Flirting Tips From The Natural World

How animals get physical and emit good scents
By Neal Colgrass,  Newser Staff
Posted Sep 18, 2011 2:18 PM CDT
Scientists Reveal Flirting Tips From the Natural World
Two penguins in love.   (Shutterstock)

Trying to attract a beautiful, hunky, or otherwise desirable biped? Zoologists and anthropologists at the Natural History Museum in London have a few tips drawn from the natural world, the Telegraph reports:

  • Make Men Work. Male bower birds build nests. Birds of paradise stage flamboyant courtship displays. So let men shake it on the dance floor, or show off that shiny new cell phone.

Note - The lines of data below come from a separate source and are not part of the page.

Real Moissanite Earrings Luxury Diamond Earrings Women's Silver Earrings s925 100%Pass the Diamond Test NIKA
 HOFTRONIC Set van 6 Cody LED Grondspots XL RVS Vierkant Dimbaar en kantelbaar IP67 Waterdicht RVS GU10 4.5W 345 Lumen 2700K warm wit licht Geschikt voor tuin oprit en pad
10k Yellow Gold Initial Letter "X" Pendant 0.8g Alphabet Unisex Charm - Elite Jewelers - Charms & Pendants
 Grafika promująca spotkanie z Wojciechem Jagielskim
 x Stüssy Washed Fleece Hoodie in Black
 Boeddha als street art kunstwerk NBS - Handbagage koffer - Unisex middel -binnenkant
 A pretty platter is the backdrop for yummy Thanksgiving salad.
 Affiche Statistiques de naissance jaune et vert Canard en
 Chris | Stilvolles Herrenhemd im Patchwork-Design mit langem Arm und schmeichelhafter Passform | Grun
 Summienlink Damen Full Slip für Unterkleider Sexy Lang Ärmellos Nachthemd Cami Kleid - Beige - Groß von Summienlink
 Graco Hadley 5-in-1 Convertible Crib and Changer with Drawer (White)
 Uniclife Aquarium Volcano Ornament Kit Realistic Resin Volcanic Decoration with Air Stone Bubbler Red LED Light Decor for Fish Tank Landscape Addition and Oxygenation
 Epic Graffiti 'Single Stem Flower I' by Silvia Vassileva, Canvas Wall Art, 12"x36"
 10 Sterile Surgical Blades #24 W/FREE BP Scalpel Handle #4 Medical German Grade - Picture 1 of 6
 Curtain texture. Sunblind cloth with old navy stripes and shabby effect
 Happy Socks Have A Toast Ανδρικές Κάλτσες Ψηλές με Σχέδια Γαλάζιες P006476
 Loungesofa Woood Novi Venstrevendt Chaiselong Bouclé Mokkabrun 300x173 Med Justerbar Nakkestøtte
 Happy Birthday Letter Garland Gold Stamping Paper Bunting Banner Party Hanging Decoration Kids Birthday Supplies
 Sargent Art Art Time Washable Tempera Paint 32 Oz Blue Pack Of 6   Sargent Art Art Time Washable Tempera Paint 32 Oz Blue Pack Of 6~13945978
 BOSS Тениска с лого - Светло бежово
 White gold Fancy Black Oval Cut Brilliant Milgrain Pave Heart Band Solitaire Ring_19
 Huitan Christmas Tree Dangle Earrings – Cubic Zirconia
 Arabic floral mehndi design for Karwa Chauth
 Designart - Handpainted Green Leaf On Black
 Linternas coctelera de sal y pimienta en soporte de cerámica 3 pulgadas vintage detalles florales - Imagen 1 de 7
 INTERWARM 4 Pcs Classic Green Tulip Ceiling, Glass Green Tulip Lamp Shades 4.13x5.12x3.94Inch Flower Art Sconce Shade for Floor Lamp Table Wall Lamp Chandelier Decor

  • Boys, Find a Wing Man. Male manakin birds adopt an apprentice to help them with mating dances. Human men, too, can benefit from a buddy who makes them look good.
  • Touch, Touch. Sea horses entwine tails and swim in tandem. Snails caress with their tentacles. For people, a brief touch on the arm can say it all.
  • Don't Touch, Don't Touch. Like emperor penguins who extend head and neck while standing face-to-face, humans can kindle electrical energy by getting close but not touching.
  • Be Generous. Penguin males collect pebbles for females. Male magpies scout out shiny objects. For human men, buying a drink is a good start.
  • Smell Good. Female pigs emit a scent that makes males drool (literally). Moths emit pheromones. No need to run to Perfumania, however: Your natural sweat tells prospective partners whether your immune systems are similar.
  • Employ the Glance. Surprisingly, this rarely works in the animal world, where eye contact is perceived as a threat. For humans, it's cultural: New Yorkers give direct looks, for example, "while Parisian women are thought of as being easy if they look at a man they like, so they show interest by averting their eyes," one anthropologist says.